The employer looks for optimistic statements and positive reactions to questions.
Negativity never won a job offer for anyone. The idea in interviewing is to elaborate on those things that you can discuss optimistically. If you are optimistic and positive about any facet of the position, don’t fail to show it.
The employer looks for an interest in the company and the position.
If you like anything related to the available position; do not be afraid to enthusiastically say so. The employer looks for someone who has a high opinion of the company and position. It’s up to you to let them know that you’re interested.
The employer looks for indications of longevity of service.
No one wants to hire someone who will leave after a few months. For this reason, the employer looks for someone who indicates that he or she will stay with the company for a reasonable time. The problem is that employers seldom ask direct question about longevity. Instead they ask: “Why are you looking for a position?” or “What are you looking for in a new position?” It is important to realize that these questions, or variations of them, are seeking a response that indicates what the prospective employee’s longevity might be. When answering these questions, you must indicate an intention to remain on the job.
“Why don’t you begin by telling me about yourself?”

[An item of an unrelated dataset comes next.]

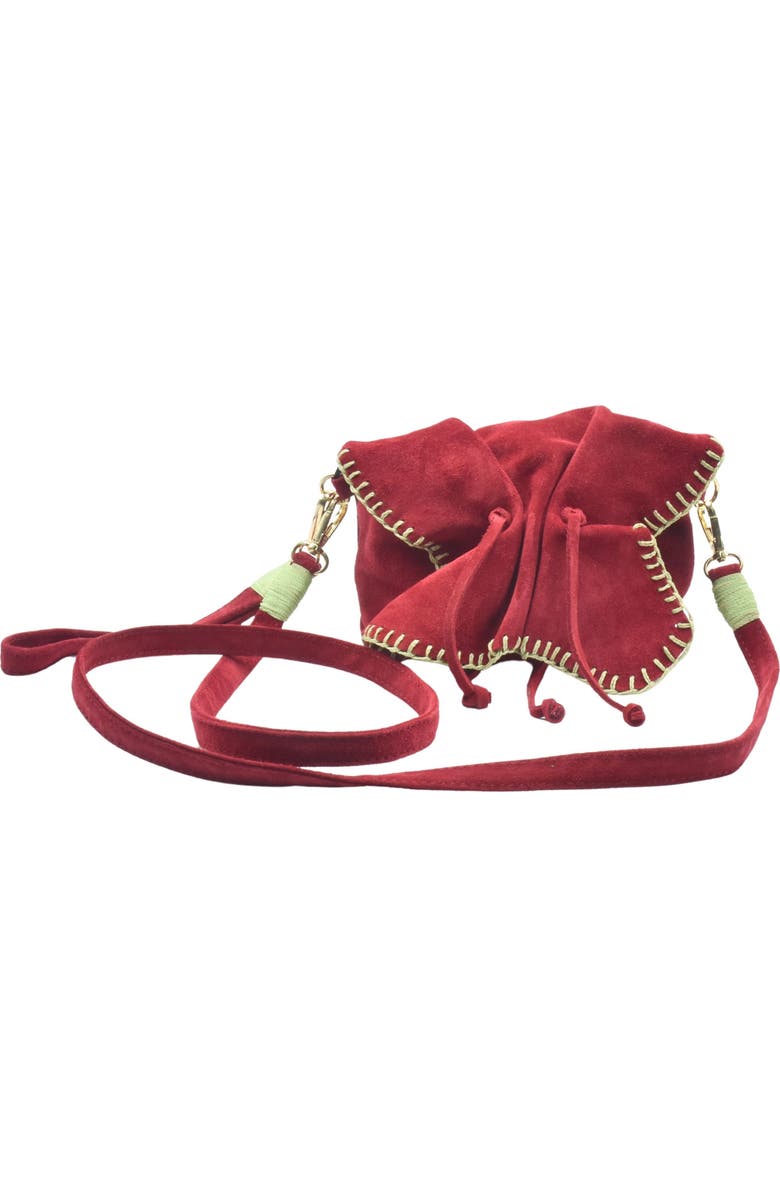 Carlos Falchi Mini Butterfly Suede Leather Bag, Main, color, Malbec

This is not an invitation for a long biographical discourse. This is the interviewer’s way of starting the interview and getting organized for the interview process. You should confine your answer to three or four well-chosen sentences outlining career highlights.
“Do you have any questions?”
The temptation here is to ask “me” questions (salary, benefits, etc.). Don’t. You should only ask questions that are job-related prior to the offer. Instead use this time to ask question that you may have about the company or the position.
“Why do you want to work for our company?”
This is a wide open question – perhaps you like its location, people, and products. This could be an opportunity to pay the company a few compliments.
“Why are you considering leaving your current position?”
This is the classical query that seeks an indication as to your willingness to stick with the position. If you job history shows that you’ve moved around quite a bit, you should turn a negative into a positive statement – that longevity in a job is one of your goals. You should also avoid “bashing” your current employer at all costs.
Some of the most important questions are related to salary. Salary is extremely important, but it not the sole consideration. Other facets, including opportunity, benefits and potential for growth may outweigh starting salary as a consideration. When responding to a salary-related question, you should avoid committing to a specific salary level. A figure too high or too low may end in unsatisfactory results for you.
Send a follow-up letter thanking the interviewer for his or her time.
Use the letter to summarize key points of the interview that highlight the suitability of your skills and experience. Express you enthusiasm about the position, the company and the reasons for your interest. Limit the letter to one page and be certain that it is error free. Mail your thank-you note directly following your interview.